I would get Pomona's Universal pectin. Then you can make up your own recipes, use no sugar, all sugar, honey, stevia, agave, whatever you want.


----------



## Sarabeth (Sep 14, 2008)

Thanks, gals. I will have to get some pomona pectin, I have been reading up on it. BUT, I have about 10 boxes of regular pectin right now that I bought last year on clearance!! So, I think with that pectin, I'll stick to tried and true jelly, and for my more experimental ones, I will get some pomona.

PixieLou - thanks for the link. I have checked pickyourown before, but hadn't seen that chart. Very helpful! Thanks!


----------



## mistletoad (Apr 17, 2003)

This page gives all sorts of interesting information that might help you invent your new jelly recipes. I would think most Juicy Juice flavours would need additional acid as they tend to be quite sweet IIRC, but juices marketed to adults would probably be about right. I always start with the pectin test - I then add pectin from apple cores and peels if the juice doesn't gel. I don't use commercial pectin.

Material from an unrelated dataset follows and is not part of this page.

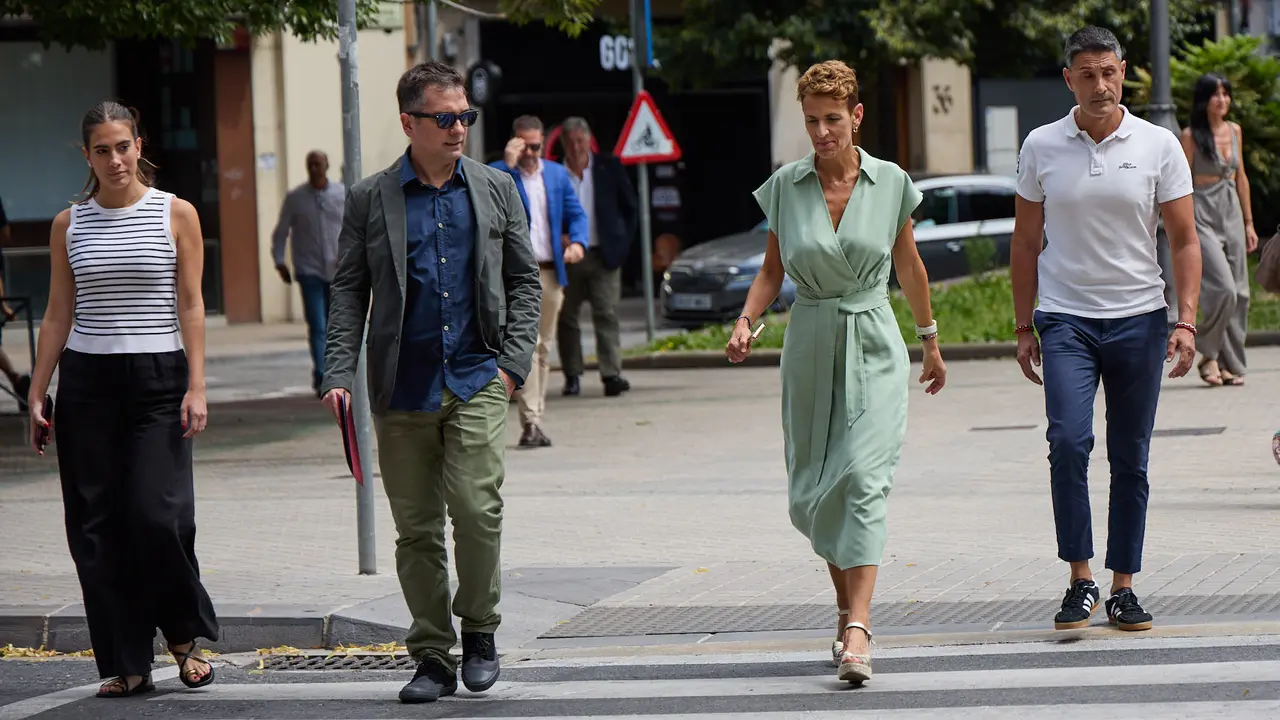 La presidenta de Navarra, María Chivite, y el presidente del Parlamento de Navarra, Unai Hualde, participan en un acto conmemorativo del 25º aniversario de la aprobación de la ley foral del Defensor del Pueblo de Navarra. También participan Ángel Gabilondo, Defensor del Pueblo en el ámbito estatal, y Patxi Vera, Defensor del Pueblo de Navarra. IÑIGO ALZUGARAY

http://www.extension.umn.edu/distribution/nutrition/dj0686.html


----------



## Sarabeth (Sep 14, 2008)

mistletoad said:


> This page gives all sorts of interesting information that might help you invent your new jelly recipes. I would think most Juicy Juice flavours would need additional acid as they tend to be quite sweet IIRC, but juices marketed to adults would probably be about right. I always start with the pectin test - I then add pectin from apple cores and peels if the juice doesn't gel. I don't use commercial pectin.
> 
> http://www.extension.umn.edu/distribution/nutrition/dj0686.html


Thanks Ill check that out! The juices I have are the more 'adult' flavored - not too sweet at all (I prefer tart juices).

I can't try any today, I'm babysitting my baby nephew, who is fussy today!! But I'll post my results when I start to tinker tomorrow....


----------